Task requirements: Without changing a word, repeat the data, and include no pictures.

Exercise data:
═══
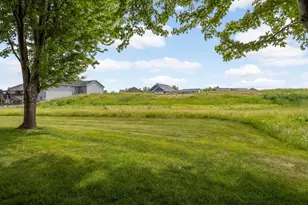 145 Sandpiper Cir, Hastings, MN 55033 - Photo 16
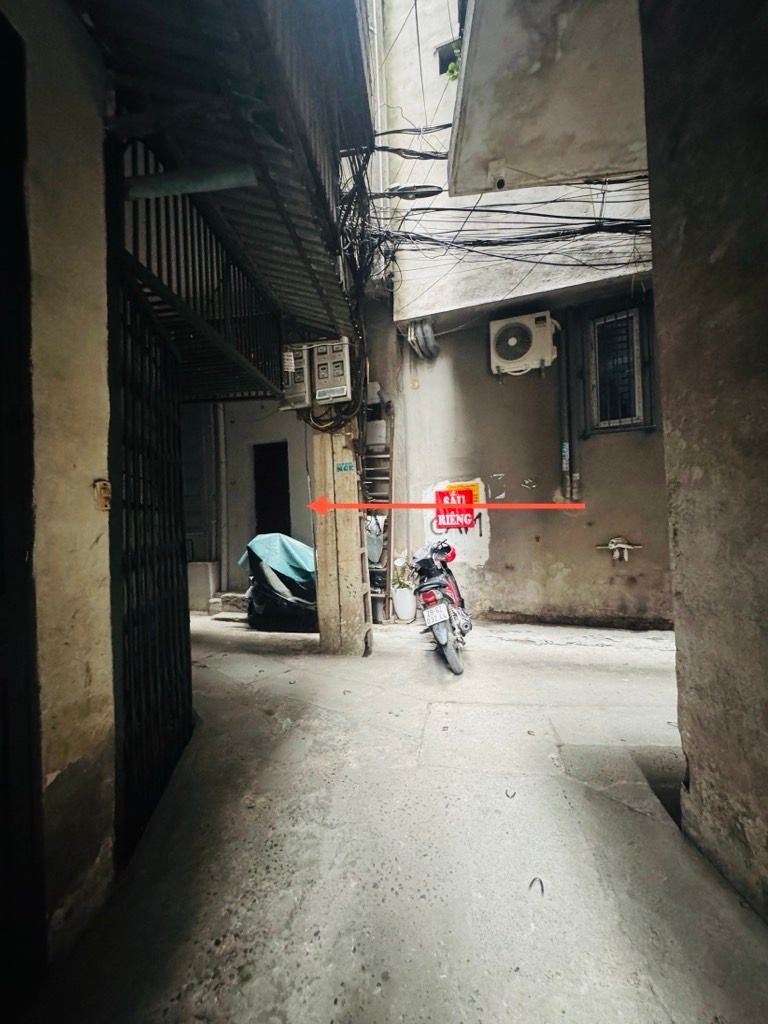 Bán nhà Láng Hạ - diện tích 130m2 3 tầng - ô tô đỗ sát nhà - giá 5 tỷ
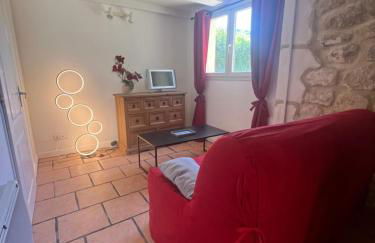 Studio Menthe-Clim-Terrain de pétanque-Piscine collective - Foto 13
═══
Completed task:
 145 Sandpiper Cir, Hastings, MN 55033 - Photo 16
 Bán nhà Láng Hạ - diện tích 130m2 3 tầng - ô tô đỗ sát nhà - giá 5 tỷ
 Studio Menthe-Clim-Terrain de pétanque-Piscine collective - Foto 13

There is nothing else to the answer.